So after the first session of training for fostering, H and I are having second thoughts. He is really unsure of how much he will be able to help out with things like visitations and court dates, since he commutes an hour from home and doesn't have a lot of flexibility to use time off to do those things. So it would be mostly me. I'm in grad school full time, and while my schedule is mostly pretty flexible, there are some times when I can't be available, or a week stretch every couple months where I might need to put in 60-70 hours.
He is completely realistic to say that it would be stressful and difficult, and I don't want to push him into something that he's not ready for, but I feel like I can do it. He's worried I'm biting off more than I can chew.

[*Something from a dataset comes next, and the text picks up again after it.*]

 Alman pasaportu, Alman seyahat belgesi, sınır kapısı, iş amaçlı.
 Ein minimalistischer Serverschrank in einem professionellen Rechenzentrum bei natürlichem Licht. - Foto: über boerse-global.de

I realize this isn't a "Not ever" situation, more like a "Not right now"... when we both have "real" jobs and maybe live closer to family, have less of a commute, etc. we can apply again. But the other part of me feels like there is no ideal time, there will always be reasons not to... so why not now?
So.... i'm going to call the social worker today and let her know that we won't be moving forward. I'm really disappointed, more than I would've expected. I know there are lots of families who have had false starts (although maybe not of your own choosing).... any advice?
Re: Fostering update--words of wisdom needed
TBH, this is one of the reasons we've thought less and less about foster/adopt. We have zero family support where we are, and all of those things would fall on me. It would be a LOT for just me to handle.
Is this something you can revisit in a year or 2?
Mommy to DS#1 7/1/04 and DS#2 6/15/07
M/C 2/16/10 at 9wks 5 days~ D&C 2/18/10
BFP#4 5/17/11 C/P.
BFP#5 11/30/12 Surprise! DS#3 born 7/29/13
Respite care is a good suggestion. I will talk the agency about that. H might feel that is a better way to get our feet wet, too.
You need to know now what your limits are otherwise you take on more than you can handle and that's no good. Would you ever consider respite care, this is where you would take children for like a few days to give other foster parents a break or allow them to go on vacation or whatever. It's a good way to get your feet wet.